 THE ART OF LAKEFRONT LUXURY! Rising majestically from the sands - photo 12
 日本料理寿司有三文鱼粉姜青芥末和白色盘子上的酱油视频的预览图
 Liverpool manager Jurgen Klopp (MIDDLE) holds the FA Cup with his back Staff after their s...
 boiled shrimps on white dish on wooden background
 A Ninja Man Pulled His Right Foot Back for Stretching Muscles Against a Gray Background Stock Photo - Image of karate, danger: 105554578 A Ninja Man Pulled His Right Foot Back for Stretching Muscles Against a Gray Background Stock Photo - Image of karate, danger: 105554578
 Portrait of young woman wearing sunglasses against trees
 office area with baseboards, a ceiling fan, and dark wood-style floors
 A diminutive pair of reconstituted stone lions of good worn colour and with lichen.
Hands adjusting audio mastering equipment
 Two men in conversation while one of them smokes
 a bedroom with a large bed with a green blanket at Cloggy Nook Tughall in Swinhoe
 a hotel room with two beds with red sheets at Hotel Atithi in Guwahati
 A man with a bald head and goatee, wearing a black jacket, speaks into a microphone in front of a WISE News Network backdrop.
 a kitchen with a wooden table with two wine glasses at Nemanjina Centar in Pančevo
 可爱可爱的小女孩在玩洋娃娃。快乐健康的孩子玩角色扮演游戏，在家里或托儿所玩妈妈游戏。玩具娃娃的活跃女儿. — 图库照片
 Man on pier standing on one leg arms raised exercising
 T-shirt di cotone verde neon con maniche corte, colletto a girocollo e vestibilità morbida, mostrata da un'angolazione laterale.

[What is being asked] What are the lines from the one containing "A man with a" to the end of the material above? Return them exactly, and only them.

[Output of the task]
 A man with a bald head and goatee, wearing a black jacket, speaks into a microphone in front of a WISE News Network backdrop.
 a kitchen with a wooden table with two wine glasses at Nemanjina Centar in Pančevo
 可爱可爱的小女孩在玩洋娃娃。快乐健康的孩子玩角色扮演游戏，在家里或托儿所玩妈妈游戏。玩具娃娃的活跃女儿. — 图库照片
 Man on pier standing on one leg arms raised exercising
 T-shirt di cotone verde neon con maniche corte, colletto a girocollo e vestibilità morbida, mostrata da un'angolazione laterale.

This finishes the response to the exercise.